Performance Considerations

Advantages

  • Prevents phantom reads without full table locking
  • MVCC provides excellent read performance
  • Better concurrency than Serializable isolation

Trade-offs

  • Gap locks can increase lock contention
  • More complex lock management overhead
  • Potential for deadlocks in high-concurrency scenarios

Conclusion

MySQL InnoDB’s approach to preventing phantom reads is highly effective, combining:

  • MVCC snapshots for regular SELECT operations
  • Next-key locking for locking reads and modifications
  • Gap locking to prevent insertions in critical ranges

This makes MySQL’s REPEATABLE READ isolation level more restrictive than the SQL standard, effectively preventing most phantom read scenarios while maintaining good performance characteristics. However, understanding the limitations and edge cases is crucial for designing robust database applications.
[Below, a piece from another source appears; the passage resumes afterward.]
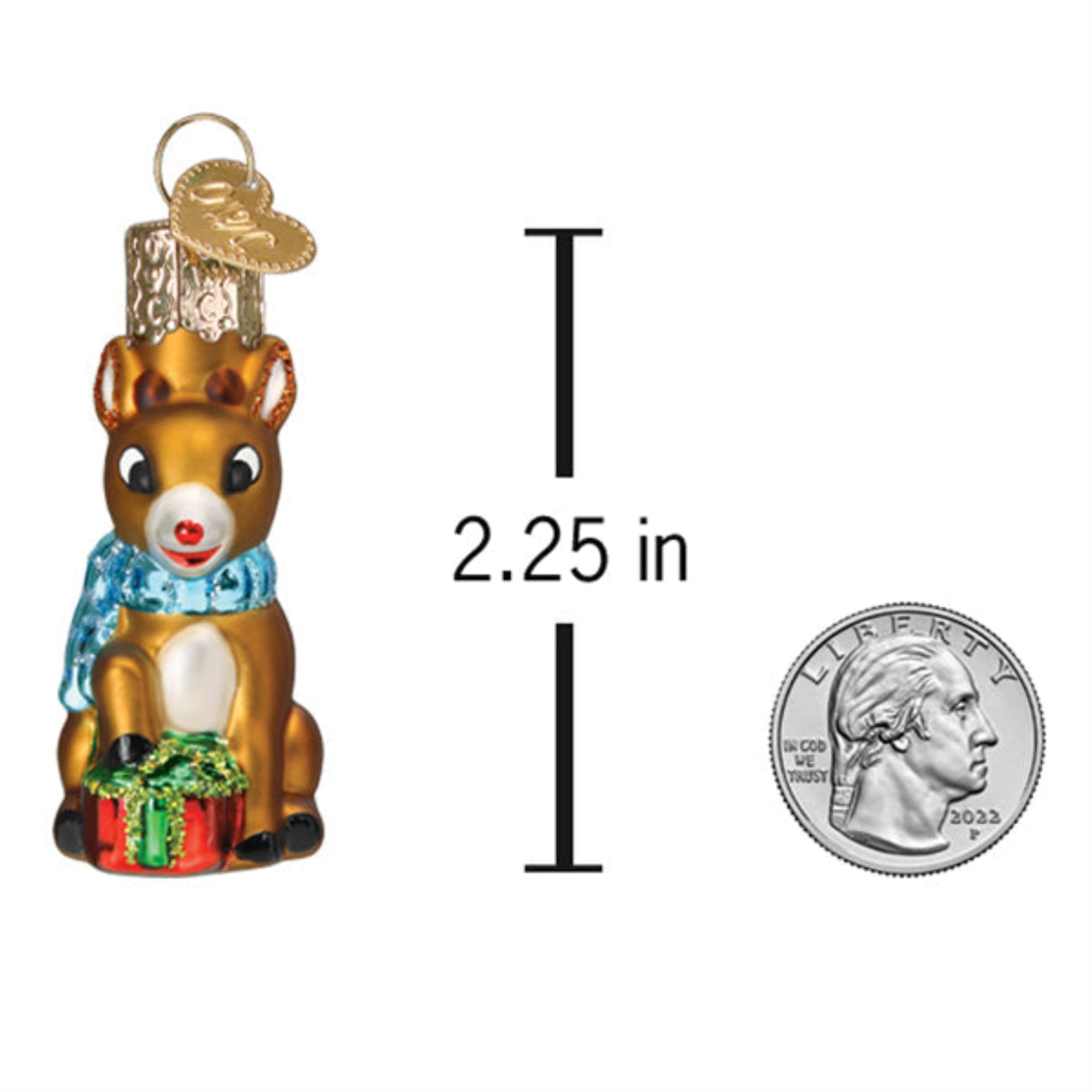 Old World Christmas Blown Glass Ornament for Christmas Tree, Mini Rudolph Red-Nosed Reindeer (with OWC Gift Box)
Testing Your Understanding

Try these scenarios in your own MySQL environment:

  1. Test MVCC behavior: Use two sessions with regular SELECT statements
  2. Test gap locking: Use SELECT FOR UPDATE with range queries
  3. Test limitations: Try queries on non-indexed columns
  4. Observe lock contention: Monitor INFORMATION_SCHEMA.INNODB_LOCKS during concurrent operations

Understanding these mechanisms will help you design more robust database applications and troubleshoot concurrency issues effectively.